Your self-titled debut got rave reviews largely from the Prog-rock music publications. Were you surprised at the reaction and do you see yourself as a prog band?

At the time, yes. We never set out to be a prog rock band. All we’ve ever done is get together and write what sounds good to us. But, looking back, we’d be fools not to admit that it’s pretty damn proggy! I think what I’m trying to say is it felt like an accident. So I suppose I do now see us as something of a prog-rock band, but I think mainly because we blend so many influences together. There’s so many directions we can go in. I think the new album still does that, but in a way that sounds maybe less prog-rock and hopefully more “KOYO”.

Having toured your debut around the UK and played a Download festival last year. What has been the highlight for the band during this time?

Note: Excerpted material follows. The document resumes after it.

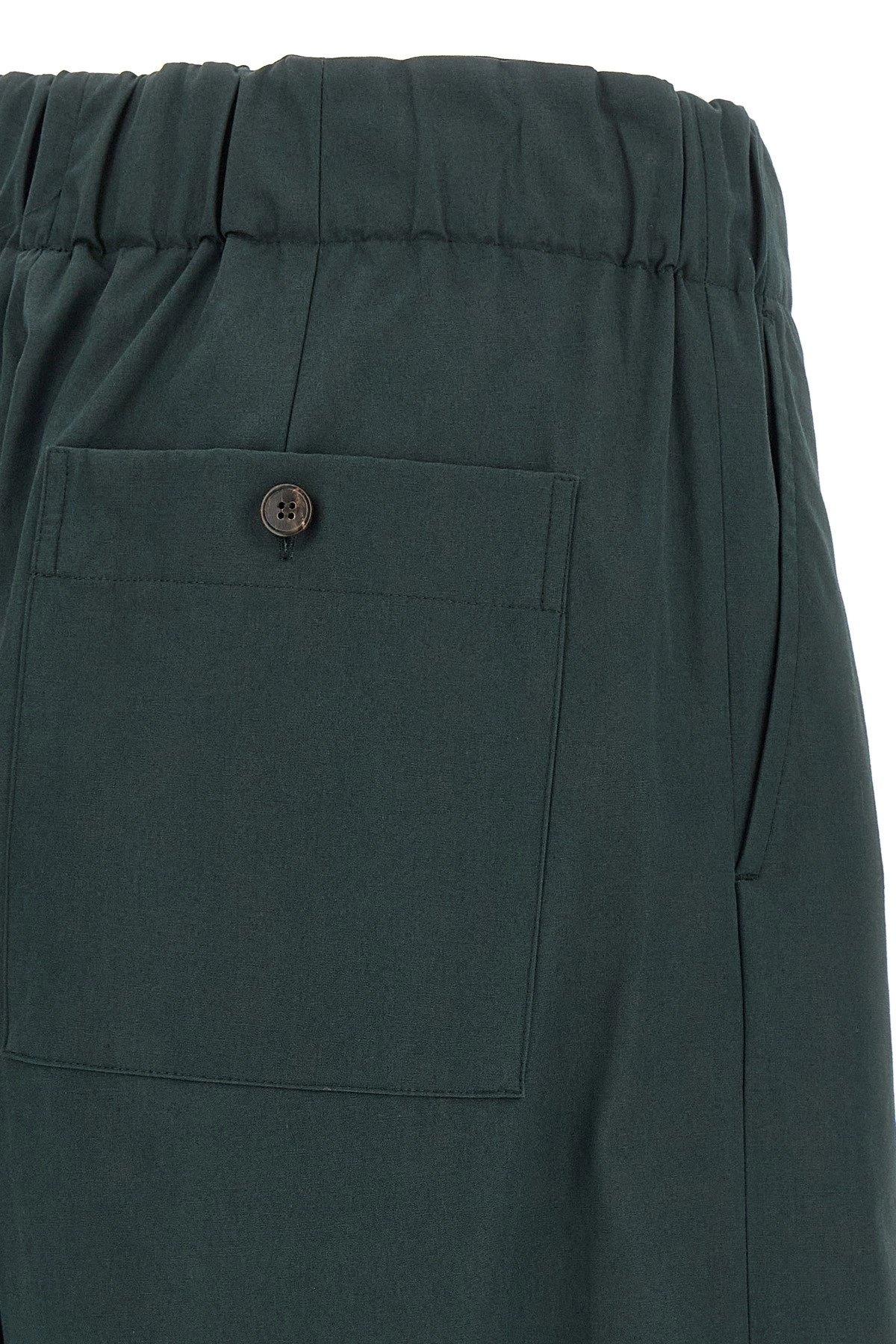 'Pila' pants - 4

Releasing the first album on vinyl and finding it in our local record shop, playing Download and Reading and Leeds and recording our live session at RAK studios. Hopefully they’ll be more to come over the next 12 months!

Your new material seems more radio friendly, in particular the lead single Circles. Was this a conscious decision or a move to a more accessible sound?

We knew we wanted the new album to be more immediate. The first album takes a few listens, which we know is kind of the beauty of it, but in this age of extremely short attention spans a band like us rarely gets a few listens. There are songs on the new album that are definitely more like what you’d expect from us, but we simply wanted to play to different strengths, to develop as songwriters and refine our ideas, giving songs more identity by building them around the strongest ones, rather than having what sometimes felt like too many. It was a less is more approach. But there was definitely never a desire to do anything we didn’t 100% believe in just because we thought it might land us on radio. We wrote around twenty five songs, we chose the one’s that excited us the most, and songs like Circles were simply more exciting to us than some of the more predictable ones.

Are there any plans to release your new album physically and again on vinyl like before?

There will be physicals. Vinyl? We’d obviously love to and hopefully eventually yes. I guess it all depends on the label and our distributor, too early to say right now.

You were all, or mostly all music students in or around Leeds during the recording of your debut. What did you take from your experience there and did it aid in your understanding of writing and producing music?

Definitely. We all learnt so much during those years and it definitely helped us to develop a lot as musicians. I think it’s important not to get too caught up in that world though. I think a lot of people end up writing music as though they’re trying to pass an exam, almost without realising and even after leaving they’re still writing music as though they’re trying to impress or better other musicians or meet certain criteria. I think even our first album was so OTT partly because of that way of thinking having been surrounded by so many incredible musicians all the time. There’s definitely so many good things to take from it, but I think it’s important to be aware of certain things like that. At the end of the day, people just want to feel something when they listen to music. I think if you try and stay true to what you feel, you have a pretty good chance of achieving that.

What dates and festivals do you have lined up for 2020 and which are you looking forward to the most?

The plan for now is to keep releasing singles every two months. We had Circles in late September, now we have Ostracised, they’ll be a few more early next year and then we hope to drop the album before summer. For a band like ours, it feels important to keep releasing content, to stay in people’s minds or otherwise we’ll just get lost amongst the onslaught of new music. We just want to make the most of all this music we’re so proud of and make sure it gets heard. So at the moment we’re just excited about that. Festivals wise keep your eyes peeled.